O czym myślisz, kiedy słyszysz „bieg na orientację”? O ludziach z mapą i kompasem, uganiających się za punktami schowanymi w lesie? Jest to obraz prawdziwy, ale na orienteering składa się dużo więcej. To sport dla wszystkich, którzy chcą do biegania dodać inne elementy poza samym pomiarem czasu. Orienteering przypomina pod wieloma względami bieg trailowy. Bardzo ważne są w nim obcowanie z naturą i przygoda.
Areną zmagań często są błota, woda, gęstwiny i, ogólnie rzecz biorąc, nierówny teren. Różnica pomiędzy trailem a BnO jest taka, że trail może okazać się w końcu trochę nudny; w biegu na orientację ma się więcej celów niż tylko dobiegnięcie do mety. Tutaj wyzwaniem może być znalezienie każdego kolejnego punktu kontrolnego, ale przede wszystkim w BnO nie ma obligatoryjnej drogi, którą trzeba pokonać, istotne jest potwierdzenie obecności na wszystkich punktach kontrolnych, a wariant, czyli drogę od punktu do punktu, każdy wyznacza sobie sam.
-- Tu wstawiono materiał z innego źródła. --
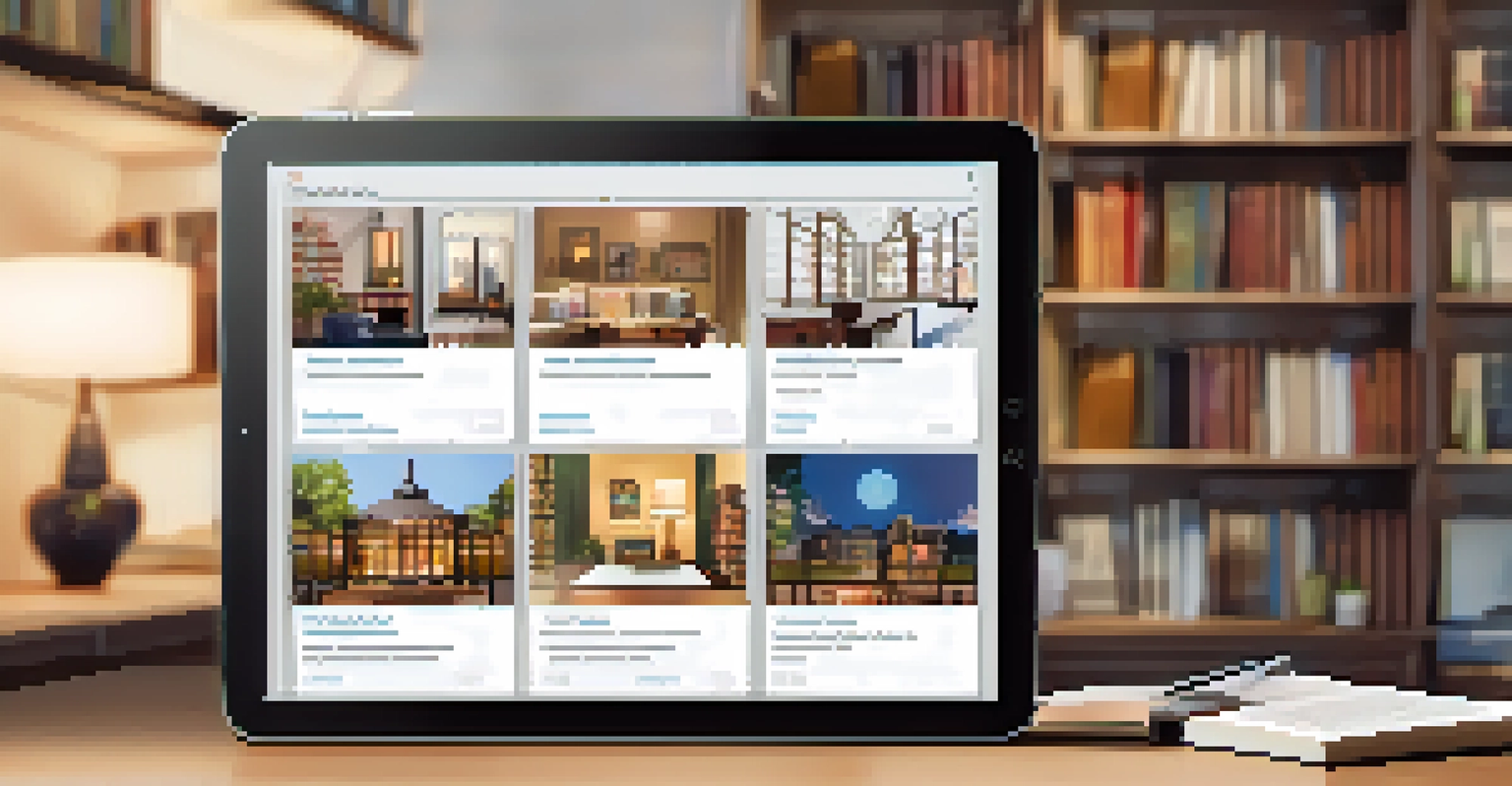 A tablet showing an online course catalog with various course thumbnails in a cozy study nook.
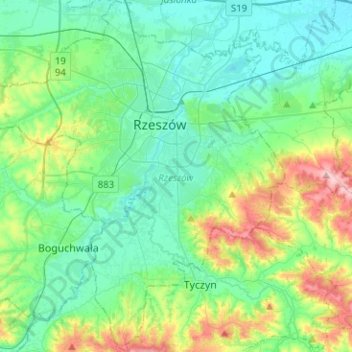 Rzeszów topographic map, elevation, terrain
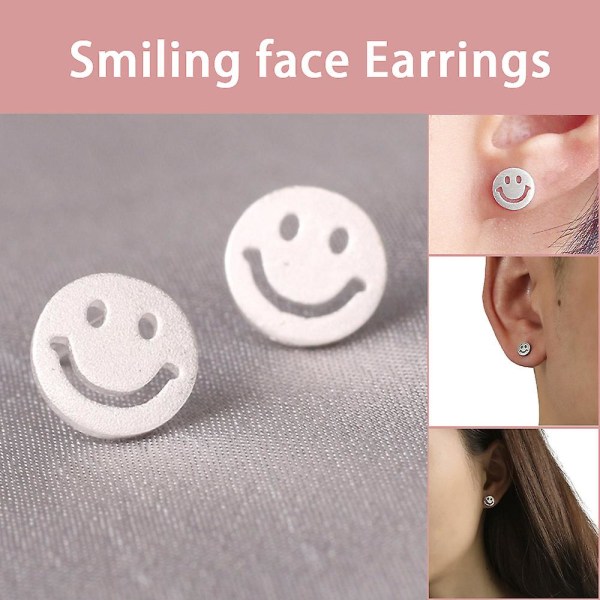 925 Silver Smiley Mini Ear Stud Örhängen Örontillbehör Present för kvinnor Tjej silver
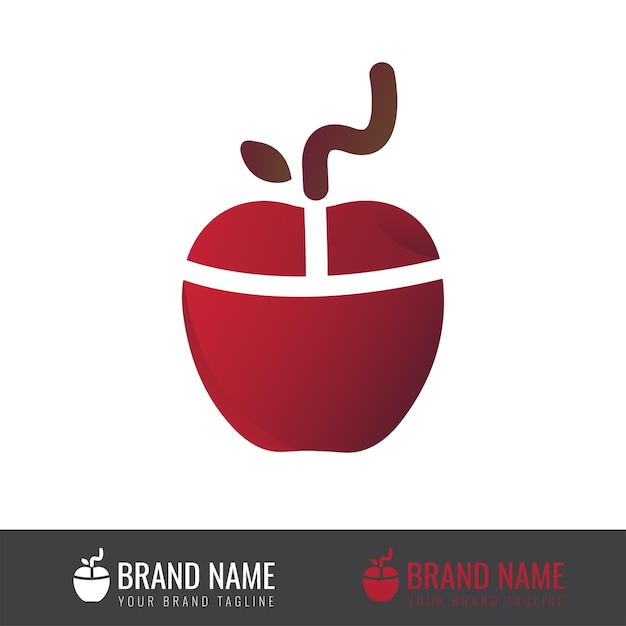 Vector luxury gradient red apple mouse logo in the shape of a mouse perfect for computers and tech brandsxa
Wyobraź sobie, że stoisz, trzymając w ręku mapę i kompas. Jesteś gotowy do biegu. Słyszysz sygnał, startujesz. Nie ograniczają cię żadne oznaczenia i sam wybierasz trasę, którą poruszasz się przez las. Kierujesz uwagę na pierwszy punkt, który jest teraz twoim celem. Biegniesz swobodnie pomiędzy drzewami, ale musisz być ostrożny, żeby uniknąć gałęzi czy kamieni. Wypatrujesz wzgórza zaznaczonego na mapie, wiesz, że po wschodniej stronie szczytu, w dołku, znajduje się twój punkt. Aby wbiec dokładnie na niego i nie tracić cennego czasu, wybierasz punkt ataku. Kontrolując elementy, które cię otaczają, upewniasz się, że z lewej strony widzisz obniżenie, chwilę temu z prawej minąłeś suchy rów, ustawiasz kompas i już wiesz, w którym kierunku podążać.
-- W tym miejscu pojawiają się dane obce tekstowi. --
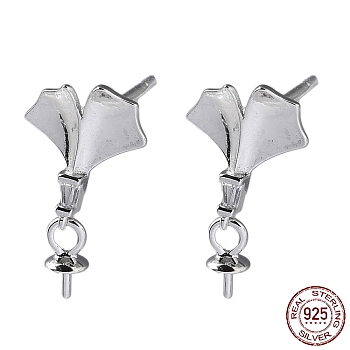 Rhodium Plated 925 Sterling Silver Stud Earring Findings, with Clear Cubic Zirconia, Gingko Leaf, for Half Drilled Beads, with S925 Stamp, Real Platinum Plated, 15x8.5mm, Pin: 11x0.9mm and 0.9mm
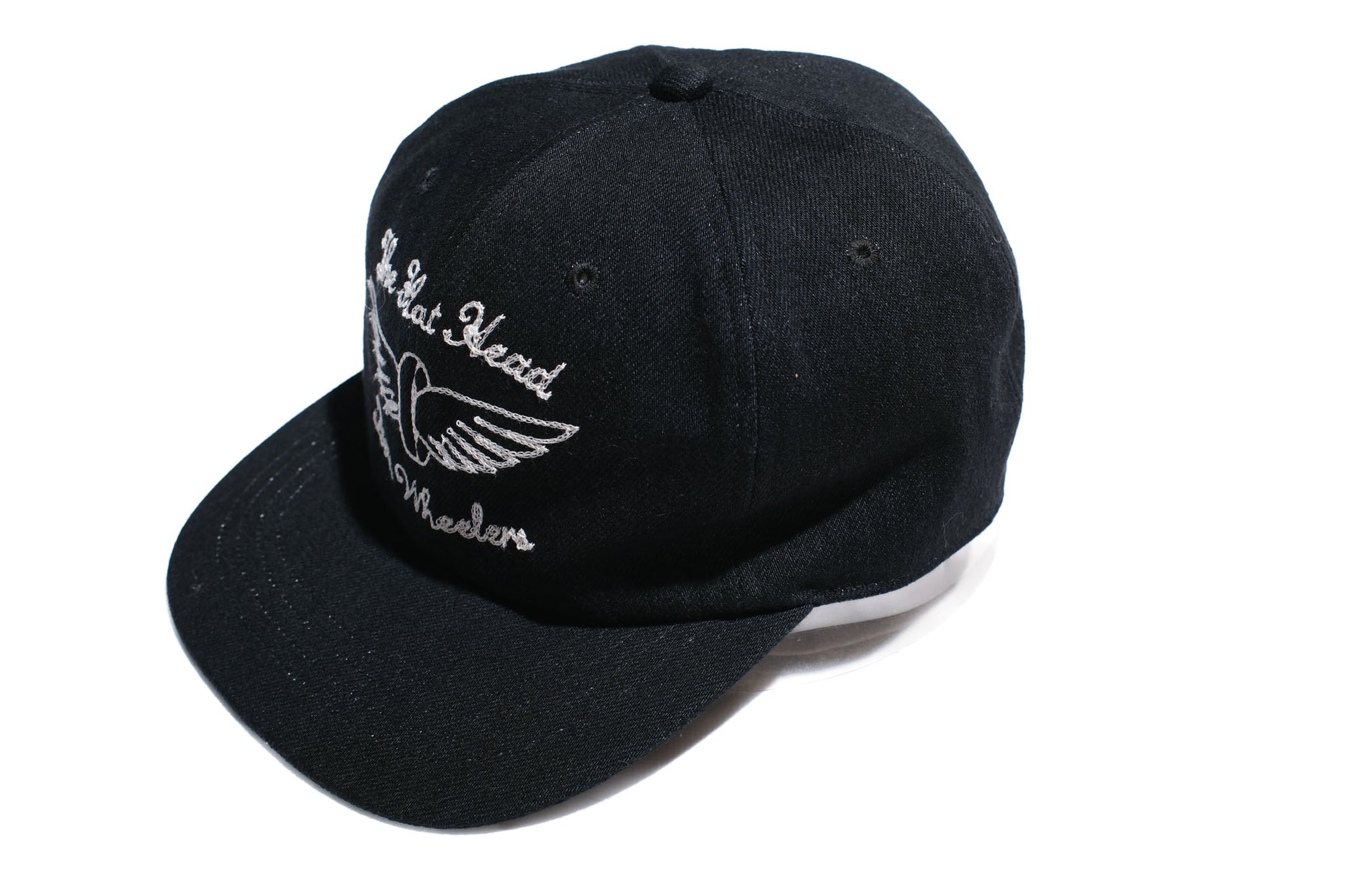 The Flat Head 12oz Selvage Denim "Flying Wheel" Trucker Cap (Solid Black)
Orientalista musi być szybki – zarówno w bieganiu, jak i w podejmowaniu decyzji. Musi wybierać najkorzystniejszy wariant z prędkością błyskawicy. Oprócz wyboru istotna jest również realizacja: trzeba utrzymać właściwy kierunek, kontrolować mijane elementy, a przy tym pilnować prędkości w gęstym lesie, na bagnach czy stromych zboczach gór.
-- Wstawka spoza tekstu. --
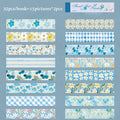 Floral Plaid Bow Long Sticker Book, Countryside Journal Base Paper for Border & Layout Decoration Qme Light Grey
Musisz być elastyczny – zwolnić, gdy sytuacja wymaga precyzyjnej orientacji, np. w okolicy punktu kontrolnego, w innym przypadku wykorzystywać możliwość wrzucenia piątego biegu. Ale musisz też wiedzieć, kiedy opłaca się przebrnąć przez las, wybrać bagna zamiast asfaltu. Jest nad czym myśleć podczas biegu, gdyż jest wiele czynników, które mają wpływ na wybór wariantu. Musisz oceniać różne zmienne – ile masz sił, jak szybko się poruszasz, w którym momencie trasy jesteś i co mówi ci twoja intuicja. Czasem jest to strzał w ciemno. To jest część gry. To, że nigdy nie możesz być w stu procentach pewny swego wyboru, jest zdecydowanie czymś, co sprawia, że każdy bieg staje się niepowtarzalnym doświadczeniem. Wybranie właściwego wariantu i wrażenie, że wykonało się go efektywnie, daje uczucie ogromnej satysfakcji.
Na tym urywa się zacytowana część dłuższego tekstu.